The Biscoe wind farm is projected to generate between $20 million and $24.4 million in annual revenue, which, in mining terms, is either a lifeline or just enough to cover six months of electric bills in a bear market. Since September, Soluna’s been mining roughly nine BTC per month—cute, like a hamster running a wheel to power a data center. They also offer hosting services to other miners, because why go it alone when you can rent out your ASICs like Airbnb for degens?
AI data centers are now the ultimate exit scam for public Bitcoin miners trying to outrun reality. Soluna’s just the latest to jump on the AI bandwagon, but they’re far from solo in the asylum.
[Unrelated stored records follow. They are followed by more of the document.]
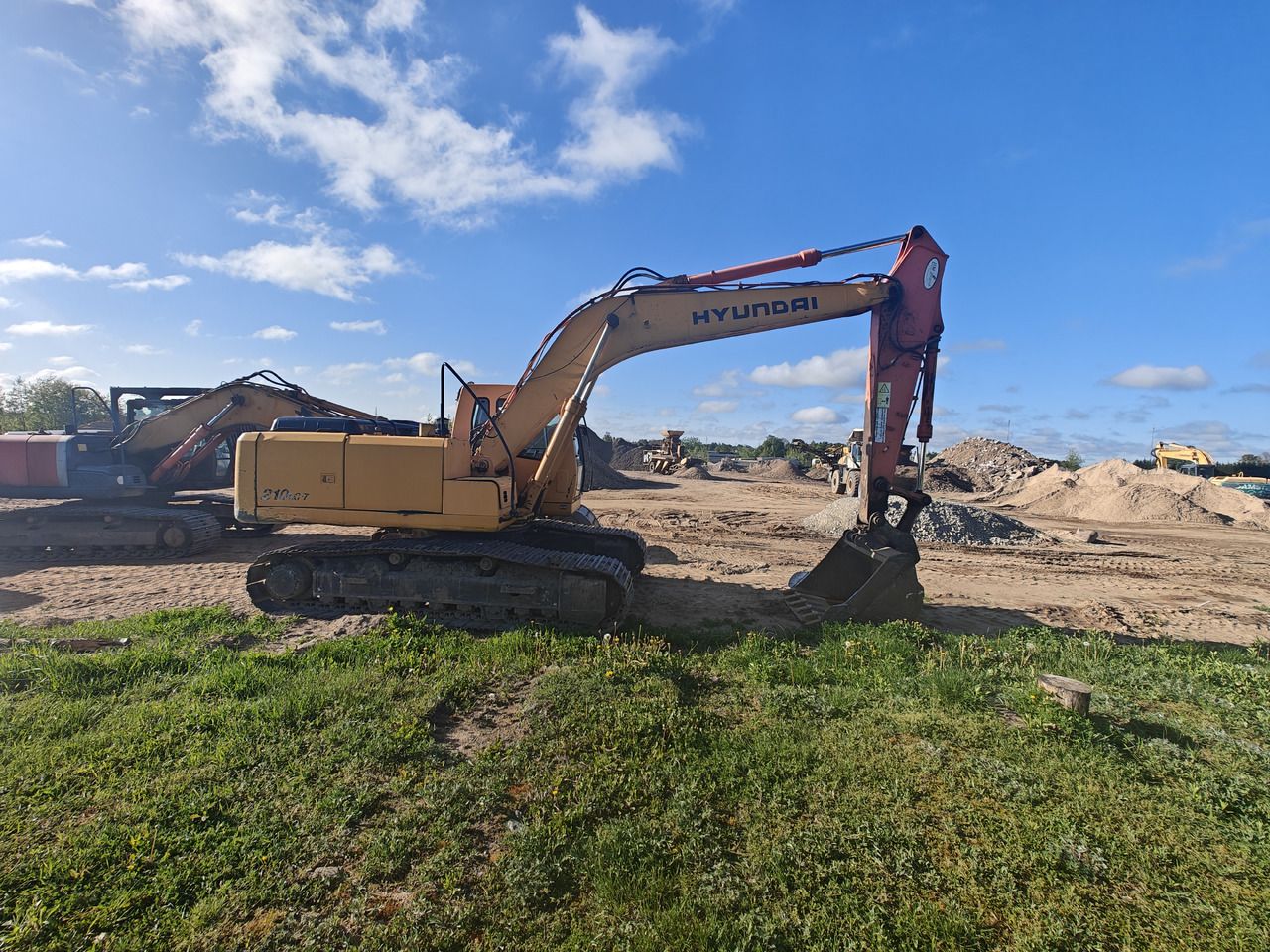 2004 Hyundai R210LC-7 crawler excavator, side profile view 2004 Hyundai R210LC-7 crawler excavator, side profile view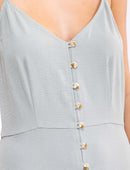 WOMEN'S SLEEVELESS V-NECK BUTTON CLOSURE HIGH-LOW MAXI DRESS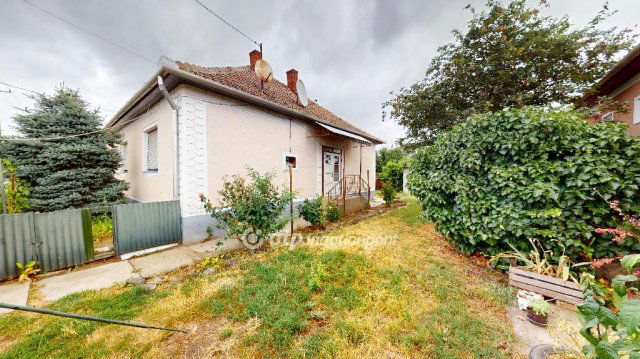 Eladó családi ház, Polgáron 21 M Ft, 2+1 szobás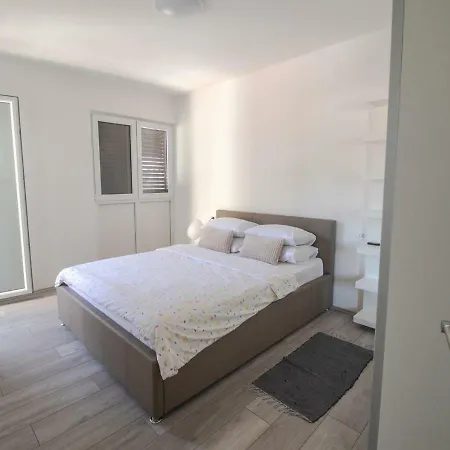 Lukas - Digital Nomads Friendly Apartment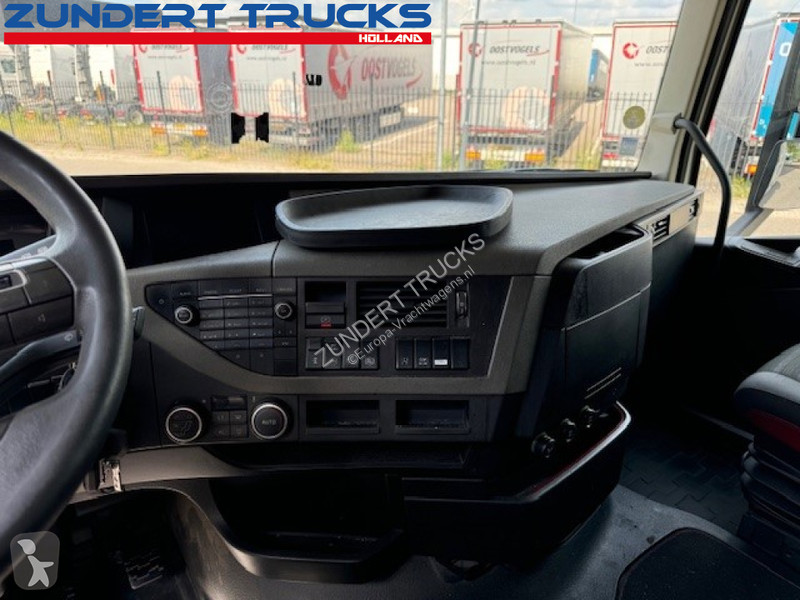Traktor Volvo FH  GLOBETROTTER XL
Bitdeer straight-up sold every last satoshi to fund its AI glow-up, like a founder dumping team tokens before the TGE. Core Scientific, MARA, Bitfarms, and the usual suspects are all monetizing their BTC stacks faster than you can say “corporate pivot.” It’s basically “founders fleeing a sinking ship” with better PowerPoint decks.
Timing? Impeccable. Bitcoin’s taken a header from its $126K mirage down to a chilly sub-$65K—roughly how much it costs to power a single S19 in a Texas heatwave. Meanwhile, the 2024 halving slashed block rewards to 3.125 BTC, and the 2028 halving will carve them down to 1.5625 BTC, because apparently the network’s on a keto diet. At this rate, miners will soon be paid in confetti and expired energy drinks.
Daily miner revenue as of early Q2 2026? A sad $32 million—down 50% from the H2 2025 peak of nearly $60 million. On the bright side, it’s up from mid-March’s dumpster-fire low of $29 million. Progress, folks. Like going from “unemployed” to “underemployed” on your LinkedIn.
Miner distress—the emotional support animal of the crypto downturn—is back with a vengeance. That’s the fun phase where miners power down rigs and dump BTC faster than a VC realizing they backed a “decentralized TikTok.” It got spicy in late November when BTC dipped under $90K, and the Hash Ribbon (aka the miner panic button) lit up like a Christmas tree in a bear market.
Last month, there was a flicker of hope as BTC attempted a breakout from the $60K–$75K grind dungeon. But the latest pullback? Yeah, that reactivated the distress signal. If this deepens, we could see another wave of miner sell-offs—because nothing says “HODL” like being forced to liquidate to pay the lights. Moral of the story? The yellow brick road is paved with good intentions, cheap electricity, and way too many exit scams.